* Input data:
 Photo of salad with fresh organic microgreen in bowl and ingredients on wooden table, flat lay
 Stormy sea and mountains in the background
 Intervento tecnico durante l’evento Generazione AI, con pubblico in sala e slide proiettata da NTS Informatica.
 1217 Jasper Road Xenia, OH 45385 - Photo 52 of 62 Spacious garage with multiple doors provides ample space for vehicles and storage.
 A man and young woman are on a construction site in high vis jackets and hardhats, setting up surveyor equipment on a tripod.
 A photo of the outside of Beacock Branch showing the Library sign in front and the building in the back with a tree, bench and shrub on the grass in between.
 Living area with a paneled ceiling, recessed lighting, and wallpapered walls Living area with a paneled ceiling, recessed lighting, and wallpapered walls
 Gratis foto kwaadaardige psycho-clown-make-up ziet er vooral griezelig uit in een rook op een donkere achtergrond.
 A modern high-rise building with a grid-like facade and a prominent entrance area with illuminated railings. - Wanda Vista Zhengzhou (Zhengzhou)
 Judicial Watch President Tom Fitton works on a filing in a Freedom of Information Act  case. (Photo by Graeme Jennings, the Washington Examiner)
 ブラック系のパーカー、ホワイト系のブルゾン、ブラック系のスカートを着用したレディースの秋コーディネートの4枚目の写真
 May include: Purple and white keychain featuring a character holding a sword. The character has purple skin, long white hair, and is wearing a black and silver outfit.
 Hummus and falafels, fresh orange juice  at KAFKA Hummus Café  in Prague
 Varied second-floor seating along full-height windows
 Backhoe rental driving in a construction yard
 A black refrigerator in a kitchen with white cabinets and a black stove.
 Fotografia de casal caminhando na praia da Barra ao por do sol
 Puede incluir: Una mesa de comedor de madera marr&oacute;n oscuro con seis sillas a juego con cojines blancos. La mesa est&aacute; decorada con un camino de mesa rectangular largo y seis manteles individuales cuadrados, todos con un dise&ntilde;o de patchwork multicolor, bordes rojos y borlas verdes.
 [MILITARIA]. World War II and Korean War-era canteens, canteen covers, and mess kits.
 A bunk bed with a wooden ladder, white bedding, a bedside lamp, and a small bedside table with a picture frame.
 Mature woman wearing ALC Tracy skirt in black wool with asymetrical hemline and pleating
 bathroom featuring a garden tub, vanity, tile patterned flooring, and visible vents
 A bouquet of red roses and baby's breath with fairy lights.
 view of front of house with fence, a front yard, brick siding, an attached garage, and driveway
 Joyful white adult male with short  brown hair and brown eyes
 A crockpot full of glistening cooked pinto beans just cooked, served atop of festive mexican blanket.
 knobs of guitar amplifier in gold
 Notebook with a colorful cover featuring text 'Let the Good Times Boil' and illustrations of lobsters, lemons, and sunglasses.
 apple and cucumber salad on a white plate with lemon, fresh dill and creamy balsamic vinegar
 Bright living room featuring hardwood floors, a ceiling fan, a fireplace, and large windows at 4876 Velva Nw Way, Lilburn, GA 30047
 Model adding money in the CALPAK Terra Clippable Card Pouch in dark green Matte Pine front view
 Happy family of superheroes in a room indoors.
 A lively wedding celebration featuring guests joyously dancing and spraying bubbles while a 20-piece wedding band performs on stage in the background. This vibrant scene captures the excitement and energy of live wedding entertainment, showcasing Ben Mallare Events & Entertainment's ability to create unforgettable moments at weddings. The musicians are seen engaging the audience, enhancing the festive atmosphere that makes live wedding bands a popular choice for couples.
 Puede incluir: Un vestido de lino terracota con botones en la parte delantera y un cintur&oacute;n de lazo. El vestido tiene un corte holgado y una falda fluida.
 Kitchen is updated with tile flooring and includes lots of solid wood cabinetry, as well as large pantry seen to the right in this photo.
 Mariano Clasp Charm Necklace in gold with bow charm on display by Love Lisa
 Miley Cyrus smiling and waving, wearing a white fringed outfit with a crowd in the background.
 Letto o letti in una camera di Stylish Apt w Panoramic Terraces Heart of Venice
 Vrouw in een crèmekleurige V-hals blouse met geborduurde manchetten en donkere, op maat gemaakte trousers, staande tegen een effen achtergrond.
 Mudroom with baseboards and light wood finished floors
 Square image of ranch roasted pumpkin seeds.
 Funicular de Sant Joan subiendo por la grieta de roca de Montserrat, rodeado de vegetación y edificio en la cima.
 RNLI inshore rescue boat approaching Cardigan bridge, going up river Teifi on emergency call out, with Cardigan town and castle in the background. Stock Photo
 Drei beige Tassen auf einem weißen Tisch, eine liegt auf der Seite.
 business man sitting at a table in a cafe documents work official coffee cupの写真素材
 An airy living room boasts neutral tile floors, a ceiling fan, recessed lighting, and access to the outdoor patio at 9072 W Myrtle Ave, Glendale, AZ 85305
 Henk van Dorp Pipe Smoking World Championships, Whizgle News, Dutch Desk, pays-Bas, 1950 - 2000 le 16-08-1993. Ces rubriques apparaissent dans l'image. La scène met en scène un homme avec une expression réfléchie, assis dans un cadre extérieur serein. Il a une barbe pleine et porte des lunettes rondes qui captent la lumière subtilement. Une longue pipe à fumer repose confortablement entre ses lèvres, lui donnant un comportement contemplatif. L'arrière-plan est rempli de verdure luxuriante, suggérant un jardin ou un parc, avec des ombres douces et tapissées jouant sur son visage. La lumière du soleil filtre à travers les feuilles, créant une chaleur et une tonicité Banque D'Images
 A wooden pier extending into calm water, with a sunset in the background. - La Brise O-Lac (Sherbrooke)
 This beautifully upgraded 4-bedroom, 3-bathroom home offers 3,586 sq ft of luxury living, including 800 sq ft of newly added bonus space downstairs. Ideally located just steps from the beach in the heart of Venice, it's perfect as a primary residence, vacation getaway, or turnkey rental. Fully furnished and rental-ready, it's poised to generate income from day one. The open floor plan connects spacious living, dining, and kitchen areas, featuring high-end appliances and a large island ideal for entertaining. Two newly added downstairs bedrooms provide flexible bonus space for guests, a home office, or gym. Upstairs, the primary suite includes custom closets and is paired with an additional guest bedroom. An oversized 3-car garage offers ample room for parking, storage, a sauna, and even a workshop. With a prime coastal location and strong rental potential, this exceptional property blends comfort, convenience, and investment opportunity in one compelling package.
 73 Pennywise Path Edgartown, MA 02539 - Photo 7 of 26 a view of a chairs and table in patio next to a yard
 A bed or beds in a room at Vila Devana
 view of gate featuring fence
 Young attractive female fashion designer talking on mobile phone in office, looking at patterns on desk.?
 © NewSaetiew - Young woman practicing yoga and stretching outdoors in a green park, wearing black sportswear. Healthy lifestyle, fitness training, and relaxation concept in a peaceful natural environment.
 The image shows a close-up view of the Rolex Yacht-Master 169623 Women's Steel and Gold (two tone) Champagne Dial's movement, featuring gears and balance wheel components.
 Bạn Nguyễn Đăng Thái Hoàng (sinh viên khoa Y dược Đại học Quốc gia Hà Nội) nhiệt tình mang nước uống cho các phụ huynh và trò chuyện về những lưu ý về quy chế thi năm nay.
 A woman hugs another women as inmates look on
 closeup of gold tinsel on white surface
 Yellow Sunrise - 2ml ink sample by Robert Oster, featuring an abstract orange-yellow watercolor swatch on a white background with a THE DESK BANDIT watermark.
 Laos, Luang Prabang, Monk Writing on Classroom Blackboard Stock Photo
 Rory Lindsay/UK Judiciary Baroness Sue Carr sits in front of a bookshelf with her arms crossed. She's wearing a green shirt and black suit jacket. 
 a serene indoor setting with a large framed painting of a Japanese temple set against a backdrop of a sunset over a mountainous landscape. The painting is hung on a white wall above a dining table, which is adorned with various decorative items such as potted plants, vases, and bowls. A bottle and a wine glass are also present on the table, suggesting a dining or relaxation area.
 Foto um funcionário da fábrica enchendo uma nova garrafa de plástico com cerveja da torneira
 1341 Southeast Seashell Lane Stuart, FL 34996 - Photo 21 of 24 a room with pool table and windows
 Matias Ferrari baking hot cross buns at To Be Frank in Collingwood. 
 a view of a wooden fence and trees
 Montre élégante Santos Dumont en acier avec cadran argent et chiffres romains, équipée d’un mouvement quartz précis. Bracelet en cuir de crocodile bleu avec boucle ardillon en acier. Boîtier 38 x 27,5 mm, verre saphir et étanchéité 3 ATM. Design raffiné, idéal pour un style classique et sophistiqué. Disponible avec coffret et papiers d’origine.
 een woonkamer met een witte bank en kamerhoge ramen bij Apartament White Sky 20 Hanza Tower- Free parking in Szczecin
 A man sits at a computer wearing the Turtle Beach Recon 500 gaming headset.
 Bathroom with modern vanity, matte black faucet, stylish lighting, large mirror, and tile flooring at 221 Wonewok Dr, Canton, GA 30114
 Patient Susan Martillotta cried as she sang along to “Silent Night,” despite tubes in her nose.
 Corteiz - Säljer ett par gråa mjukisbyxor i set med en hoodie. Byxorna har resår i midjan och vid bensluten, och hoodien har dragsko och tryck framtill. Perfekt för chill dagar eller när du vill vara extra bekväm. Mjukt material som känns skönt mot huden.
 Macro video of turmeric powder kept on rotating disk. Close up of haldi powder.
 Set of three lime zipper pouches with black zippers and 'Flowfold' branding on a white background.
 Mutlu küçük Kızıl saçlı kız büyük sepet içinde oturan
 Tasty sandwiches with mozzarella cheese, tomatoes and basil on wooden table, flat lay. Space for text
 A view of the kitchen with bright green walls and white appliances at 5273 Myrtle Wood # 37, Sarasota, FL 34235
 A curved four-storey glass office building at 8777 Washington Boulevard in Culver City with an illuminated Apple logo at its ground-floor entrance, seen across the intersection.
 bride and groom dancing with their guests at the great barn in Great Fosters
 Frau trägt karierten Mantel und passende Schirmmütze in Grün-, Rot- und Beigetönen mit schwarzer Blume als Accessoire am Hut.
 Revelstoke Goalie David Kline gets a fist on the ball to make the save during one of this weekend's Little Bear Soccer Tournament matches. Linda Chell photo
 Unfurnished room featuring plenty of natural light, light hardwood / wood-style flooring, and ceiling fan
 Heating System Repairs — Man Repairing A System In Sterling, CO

* Exercise directions: Beginning with the line that contains "Revelstoke Goalie David", return every line through the end of the data above, exactly as written.

* Answer below:
 Revelstoke Goalie David Kline gets a fist on the ball to make the save during one of this weekend's Little Bear Soccer Tournament matches. Linda Chell photo
 Unfurnished room featuring plenty of natural light, light hardwood / wood-style flooring, and ceiling fan
 Heating System Repairs — Man Repairing A System In Sterling, CO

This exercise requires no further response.